Je suis même frappé par l'inverse qui nous conduit, assez souvent, à refuser, parce que cette humanité ne serait ni tentante ni enthousiasmante, la poursuite d'un lien qui nous ferait passer de l'usuel et du pratique vers le personnel ou l'intime.
Pour reprendre mon anecdote initiale, il y a un certain nombre d'êtres des deux sexes au sujet desquels je n'aurais pas affirmé qu'ils m'étaient humainement nécessaires.
Et moi-même, je sens, je sais que sur ce plan je ne manque pas forcément à tout mon entourage proche ou lointain. Je ne cesse de bénir le fait d'avoir le bonheur de vivre avec une épouse dont je peux affirmer qu'elle est sociable pour deux, emplie d'une humanité à l'égard d'autrui qui compense largement ma sauvagerie naturelle. J'ai bien conscience que j'ai mis au point, depuis longtemps, une méthode qui m'a permis, je l'espère, de faire illusion. Ayant la passion de questionner autrui sur le dérisoire comme sur l'important, je fais surgir l'idée bienfaisante qu'il y a dans ma curiosité et mon envie sincère de mieux connaître l'autre, les germes d'une humanité qui ne sont pas forcément à négliger.
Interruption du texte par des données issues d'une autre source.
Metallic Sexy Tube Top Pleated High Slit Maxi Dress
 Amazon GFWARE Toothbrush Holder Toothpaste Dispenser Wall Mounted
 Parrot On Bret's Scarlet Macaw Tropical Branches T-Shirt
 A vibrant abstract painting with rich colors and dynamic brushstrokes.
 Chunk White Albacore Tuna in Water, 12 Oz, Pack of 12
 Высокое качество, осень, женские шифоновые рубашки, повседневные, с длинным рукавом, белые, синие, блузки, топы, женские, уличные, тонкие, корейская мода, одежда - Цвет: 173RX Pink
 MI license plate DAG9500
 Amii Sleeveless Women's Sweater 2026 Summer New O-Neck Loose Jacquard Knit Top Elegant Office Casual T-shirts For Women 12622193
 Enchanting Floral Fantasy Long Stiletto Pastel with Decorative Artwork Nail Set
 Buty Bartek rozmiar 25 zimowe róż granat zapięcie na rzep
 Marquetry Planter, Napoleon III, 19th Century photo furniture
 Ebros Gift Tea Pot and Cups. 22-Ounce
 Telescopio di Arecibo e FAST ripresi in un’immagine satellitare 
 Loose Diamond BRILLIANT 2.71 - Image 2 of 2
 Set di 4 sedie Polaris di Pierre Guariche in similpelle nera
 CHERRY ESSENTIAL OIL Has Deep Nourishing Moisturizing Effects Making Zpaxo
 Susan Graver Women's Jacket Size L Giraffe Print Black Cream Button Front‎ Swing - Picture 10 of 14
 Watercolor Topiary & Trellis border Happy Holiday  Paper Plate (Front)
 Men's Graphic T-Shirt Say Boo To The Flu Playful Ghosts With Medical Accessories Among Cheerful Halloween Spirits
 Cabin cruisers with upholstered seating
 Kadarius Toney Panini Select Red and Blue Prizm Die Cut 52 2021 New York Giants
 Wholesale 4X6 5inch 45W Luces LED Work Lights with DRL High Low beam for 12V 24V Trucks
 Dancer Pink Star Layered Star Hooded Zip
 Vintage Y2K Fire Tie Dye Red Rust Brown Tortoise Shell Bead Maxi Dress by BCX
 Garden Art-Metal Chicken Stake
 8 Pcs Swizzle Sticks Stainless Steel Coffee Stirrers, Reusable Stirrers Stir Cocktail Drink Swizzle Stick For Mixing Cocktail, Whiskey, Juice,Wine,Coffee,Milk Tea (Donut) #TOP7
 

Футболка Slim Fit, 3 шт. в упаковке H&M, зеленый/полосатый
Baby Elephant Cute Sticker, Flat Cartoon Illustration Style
Dans cette humanité plus ou moins nécessaire - dépassant le stade des relations convenues -, il me semble qu'on ne peut échapper à ce constat que seuls donnent envie d'aller, avec eux, vers plus de proximité, de convivialité, de partage et d'intimité, ceux qui savent se fuir, qui non enkystés sur eux-mêmes ouvrent grand leurs yeux, leur esprit et leur coeur sur un autre horizon que leur petit royaume et leur autarcie. Leur empathie est exclusivement pour les autres et les autres la reçoivent comme un fabuleux cadeau.
Cette analyse a au moins le mérite d'enlever toute mauvaise conscience quand on éprouve un malaise à l'idée qu'on devrait aimer mais qu'on n'aime pas, quand l'être qu'on connaît sur le plan professionnel vous laisse indifférent dans le registre humain qui va au-delà, et qu'on s'imagine être un grossier personnage parce que tout simplement on n'estime pas que tous ceux que l'on côtoie sont humainement nécessaires. Nécessaires à votre part intime, à votre désir amical, à votre volonté d'être heureux.
Être humainement nécessaire, c'est faire entrer en vous la certitude qu'il y a des êtres dont on pourrait se passer et d'autres dont au contraire, dans la plénitude d'une vie achevée, on a besoin.
Mais il n'est pas donné à n'importe qui de créer en vous cette magnifique dépendance.